Cañitas Málaga: raíces manchegas con alma mediterránea en las alturas
- Julián Acebes
- hace 3 días
- 2 Min. de lectura

En una ciudad donde la gastronomía vive un momento de efervescencia constante, Cañitas Málaga se posiciona como uno de los proyectos más atractivos de la escena actual. Situado en la azotea del hotel ME Málaga, este espacio combina arte, cultura, música y cocina en un entorno privilegiado, con vistas que abarcan la Alcazaba, la Catedral y el pulso vibrante del centro histórico. Un lugar donde el espíritu del sur se funde con la mirada contemporánea de dos de los cocineros jóvenes más prometedores del panorama nacional: Javier Sanz y Juan Sahuquillo.

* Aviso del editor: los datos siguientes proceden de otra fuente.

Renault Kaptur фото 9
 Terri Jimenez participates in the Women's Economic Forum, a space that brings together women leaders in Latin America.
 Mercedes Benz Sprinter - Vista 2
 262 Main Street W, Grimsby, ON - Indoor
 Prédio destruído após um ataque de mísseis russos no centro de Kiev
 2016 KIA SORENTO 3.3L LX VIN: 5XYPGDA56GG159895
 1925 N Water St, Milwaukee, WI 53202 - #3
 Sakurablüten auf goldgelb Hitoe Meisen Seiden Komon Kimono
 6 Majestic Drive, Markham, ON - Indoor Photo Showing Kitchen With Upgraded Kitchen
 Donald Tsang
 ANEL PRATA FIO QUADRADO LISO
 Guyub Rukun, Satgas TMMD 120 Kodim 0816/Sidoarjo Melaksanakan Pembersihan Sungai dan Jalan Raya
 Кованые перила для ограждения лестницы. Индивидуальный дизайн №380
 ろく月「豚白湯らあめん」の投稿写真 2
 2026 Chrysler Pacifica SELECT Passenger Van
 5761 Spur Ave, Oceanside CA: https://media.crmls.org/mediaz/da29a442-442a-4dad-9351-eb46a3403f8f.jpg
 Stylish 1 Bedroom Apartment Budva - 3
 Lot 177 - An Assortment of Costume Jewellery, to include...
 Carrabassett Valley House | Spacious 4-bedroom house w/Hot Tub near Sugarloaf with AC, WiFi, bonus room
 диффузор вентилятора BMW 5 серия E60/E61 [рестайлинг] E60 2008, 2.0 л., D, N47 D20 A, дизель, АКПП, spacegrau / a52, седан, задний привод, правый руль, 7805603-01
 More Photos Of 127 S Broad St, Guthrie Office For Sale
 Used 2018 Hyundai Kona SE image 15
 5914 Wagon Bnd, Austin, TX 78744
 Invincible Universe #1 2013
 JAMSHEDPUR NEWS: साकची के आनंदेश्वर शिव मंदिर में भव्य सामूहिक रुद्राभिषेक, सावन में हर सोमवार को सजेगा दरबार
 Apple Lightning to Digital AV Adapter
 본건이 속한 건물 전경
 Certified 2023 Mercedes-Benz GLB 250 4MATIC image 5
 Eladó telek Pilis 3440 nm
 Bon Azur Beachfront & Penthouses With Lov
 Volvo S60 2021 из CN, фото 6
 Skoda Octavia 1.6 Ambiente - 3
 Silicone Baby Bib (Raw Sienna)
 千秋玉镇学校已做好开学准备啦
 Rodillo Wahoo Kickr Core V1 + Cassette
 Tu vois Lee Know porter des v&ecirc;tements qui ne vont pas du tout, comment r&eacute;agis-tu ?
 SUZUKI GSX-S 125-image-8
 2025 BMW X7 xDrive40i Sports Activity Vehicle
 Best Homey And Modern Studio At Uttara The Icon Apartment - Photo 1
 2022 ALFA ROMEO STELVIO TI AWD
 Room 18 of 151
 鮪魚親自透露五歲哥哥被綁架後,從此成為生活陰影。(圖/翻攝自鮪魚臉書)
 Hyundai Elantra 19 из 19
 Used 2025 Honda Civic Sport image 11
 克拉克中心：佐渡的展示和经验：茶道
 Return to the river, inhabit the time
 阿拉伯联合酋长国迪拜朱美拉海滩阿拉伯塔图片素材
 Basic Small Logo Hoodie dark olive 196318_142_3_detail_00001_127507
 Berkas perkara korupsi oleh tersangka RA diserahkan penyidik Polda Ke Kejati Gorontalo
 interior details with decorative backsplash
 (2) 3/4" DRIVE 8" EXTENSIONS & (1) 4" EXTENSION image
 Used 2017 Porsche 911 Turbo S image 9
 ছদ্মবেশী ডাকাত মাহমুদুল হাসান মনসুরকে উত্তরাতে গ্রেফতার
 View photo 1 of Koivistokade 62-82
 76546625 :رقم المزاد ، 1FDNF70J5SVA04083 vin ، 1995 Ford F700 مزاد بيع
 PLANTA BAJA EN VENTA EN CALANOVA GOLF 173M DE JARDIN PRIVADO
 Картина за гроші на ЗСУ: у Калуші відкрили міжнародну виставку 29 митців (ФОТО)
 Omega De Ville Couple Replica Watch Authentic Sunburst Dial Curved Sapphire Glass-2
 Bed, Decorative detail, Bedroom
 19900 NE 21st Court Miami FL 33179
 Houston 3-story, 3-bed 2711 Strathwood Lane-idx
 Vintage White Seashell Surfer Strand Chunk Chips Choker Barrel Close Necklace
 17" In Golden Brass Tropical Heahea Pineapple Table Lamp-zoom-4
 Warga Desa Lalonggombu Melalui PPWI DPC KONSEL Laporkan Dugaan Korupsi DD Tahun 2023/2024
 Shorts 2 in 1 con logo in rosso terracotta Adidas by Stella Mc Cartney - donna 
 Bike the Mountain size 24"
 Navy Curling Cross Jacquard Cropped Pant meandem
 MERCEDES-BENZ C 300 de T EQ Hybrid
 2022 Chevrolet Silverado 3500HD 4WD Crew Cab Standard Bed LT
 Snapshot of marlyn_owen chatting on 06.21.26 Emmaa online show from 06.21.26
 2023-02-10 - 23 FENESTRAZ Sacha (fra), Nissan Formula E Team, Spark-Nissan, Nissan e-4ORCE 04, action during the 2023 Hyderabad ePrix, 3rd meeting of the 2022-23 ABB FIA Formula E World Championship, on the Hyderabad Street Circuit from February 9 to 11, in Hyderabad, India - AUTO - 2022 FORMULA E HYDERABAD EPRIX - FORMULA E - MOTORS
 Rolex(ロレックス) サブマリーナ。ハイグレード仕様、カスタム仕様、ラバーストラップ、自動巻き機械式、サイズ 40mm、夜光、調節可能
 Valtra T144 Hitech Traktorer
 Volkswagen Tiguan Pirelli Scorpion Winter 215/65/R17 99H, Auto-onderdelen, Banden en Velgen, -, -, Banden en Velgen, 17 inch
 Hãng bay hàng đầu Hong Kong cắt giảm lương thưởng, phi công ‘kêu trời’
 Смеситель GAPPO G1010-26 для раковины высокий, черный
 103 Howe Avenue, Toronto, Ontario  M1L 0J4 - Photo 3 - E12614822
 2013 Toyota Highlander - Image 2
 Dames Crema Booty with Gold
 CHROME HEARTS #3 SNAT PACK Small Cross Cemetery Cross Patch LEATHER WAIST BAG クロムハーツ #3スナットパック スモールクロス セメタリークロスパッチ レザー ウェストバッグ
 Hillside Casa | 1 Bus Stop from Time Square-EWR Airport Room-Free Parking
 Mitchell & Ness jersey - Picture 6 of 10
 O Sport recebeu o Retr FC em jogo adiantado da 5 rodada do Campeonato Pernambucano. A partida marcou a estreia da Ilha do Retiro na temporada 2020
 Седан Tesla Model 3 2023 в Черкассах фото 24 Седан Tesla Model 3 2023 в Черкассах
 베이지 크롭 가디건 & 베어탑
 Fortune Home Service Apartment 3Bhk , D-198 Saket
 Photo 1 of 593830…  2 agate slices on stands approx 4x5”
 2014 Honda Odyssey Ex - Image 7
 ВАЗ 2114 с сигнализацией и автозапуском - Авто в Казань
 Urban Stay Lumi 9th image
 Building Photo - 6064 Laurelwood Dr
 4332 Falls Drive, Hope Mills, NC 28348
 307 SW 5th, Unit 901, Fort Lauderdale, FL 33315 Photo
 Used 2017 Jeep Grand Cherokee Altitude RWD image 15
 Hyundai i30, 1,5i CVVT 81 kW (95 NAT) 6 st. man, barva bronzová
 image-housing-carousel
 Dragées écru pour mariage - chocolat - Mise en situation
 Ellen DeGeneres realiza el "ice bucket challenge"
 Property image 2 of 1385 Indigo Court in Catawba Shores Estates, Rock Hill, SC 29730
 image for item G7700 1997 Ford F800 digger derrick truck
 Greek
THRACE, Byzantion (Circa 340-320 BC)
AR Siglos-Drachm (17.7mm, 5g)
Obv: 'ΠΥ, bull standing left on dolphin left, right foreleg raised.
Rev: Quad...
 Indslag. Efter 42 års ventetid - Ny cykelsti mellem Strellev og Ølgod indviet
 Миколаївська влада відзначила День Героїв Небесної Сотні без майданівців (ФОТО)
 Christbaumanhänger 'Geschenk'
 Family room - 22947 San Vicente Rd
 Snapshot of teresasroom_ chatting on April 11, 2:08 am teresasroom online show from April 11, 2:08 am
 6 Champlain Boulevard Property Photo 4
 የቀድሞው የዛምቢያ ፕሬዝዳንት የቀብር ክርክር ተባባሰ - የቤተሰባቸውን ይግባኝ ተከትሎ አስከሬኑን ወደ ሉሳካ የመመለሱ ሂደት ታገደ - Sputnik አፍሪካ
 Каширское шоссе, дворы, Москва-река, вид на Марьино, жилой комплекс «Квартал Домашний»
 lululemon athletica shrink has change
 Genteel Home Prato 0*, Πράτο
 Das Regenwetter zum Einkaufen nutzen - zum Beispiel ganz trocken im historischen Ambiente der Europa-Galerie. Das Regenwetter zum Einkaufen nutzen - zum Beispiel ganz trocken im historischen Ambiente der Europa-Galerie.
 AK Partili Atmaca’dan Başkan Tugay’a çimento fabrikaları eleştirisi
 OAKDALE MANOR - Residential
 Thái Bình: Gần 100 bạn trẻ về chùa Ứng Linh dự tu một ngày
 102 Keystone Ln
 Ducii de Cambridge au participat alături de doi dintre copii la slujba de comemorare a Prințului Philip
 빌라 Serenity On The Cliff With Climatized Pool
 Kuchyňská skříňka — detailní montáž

La historia de Cañitas Maite comienza lejos de aquí, en Casas-Ibáñez (Albacete), donde ambos chefs desarrollaron una propuesta culinaria profundamente ligada al territorio. Sin embargo, en Málaga han sabido reinterpretar ese origen sin renunciar a su esencia. “Nos adaptamos al entorno, pero mantenemos nuestros valores”, explican. Y esa filosofía se traduce en una cocina que dialoga con el producto local, sin artificios y con una clara vocación de disfrute.
El espacio acompaña esa idea. Cosmopolita y sofisticado, pero sin rigidez, el restaurante apuesta por un diseño contemporáneo donde predominan las maderas, los tonos azules y una atmósfera abierta que invita tanto al visitante como al local. Es un rooftop pensado para compartir, para alargar la sobremesa y dejarse llevar por una carta accesible, reconocible y bien ejecutada.
La propuesta gastronómica gira en torno al sabor. Aquí no hay fuegos artificiales, sino técnica, producto y memoria. Platos que reinterpretan clásicos de la casa, como su célebre croqueta de jamón —cremosa, intensa, casi icónica— o el carabinero a la parrilla con sabayón de manteca de orza, que resume esa fusión entre tradición manchega y guiños contemporáneos.
La carta invita al centro de la mesa, con elaboraciones pensadas para compartir. Desde unos mejillones con sobrasada hasta unas navajas en escabeche cítrico, pasando por un equilibrado langostino a la parrilla con jugo de pollo asado. Mar y montaña, técnica y sencillez, en una cocina que busca emocionar sin complicar..
En los platos principales, el dominio del producto y el punto se hace evidente. La lubina a la parrilla, con la piel crujiente y un pilpil preciso, o la chuleta vasca, son ejemplos de una cocina que entiende la materia prima como eje central. También destacan propuestas más intensas, como la molleja con parmentier ahumado y trufa, que aporta profundidad y contraste.
El broche dulce mantiene el nivel, especialmente con su conocido flan de nata y leche de oveja, equilibrado con un toque cítrico que aligera el conjunto. Una propuesta coherente que se acompaña de una cuidada selección de vinos, con protagonismo de referencias andaluzas sin olvidar sus raíces manchegas.
Cañitas Málaga no pretende ser un templo gastronómico inaccesible, sino un lugar donde comer muy bien, disfrutar del entorno y conectar con una cocina honesta. Un proyecto que demuestra que la tradición, cuando se entiende y se respeta, puede viajar, evolucionar y seguir emocionando desde cualquier lugar.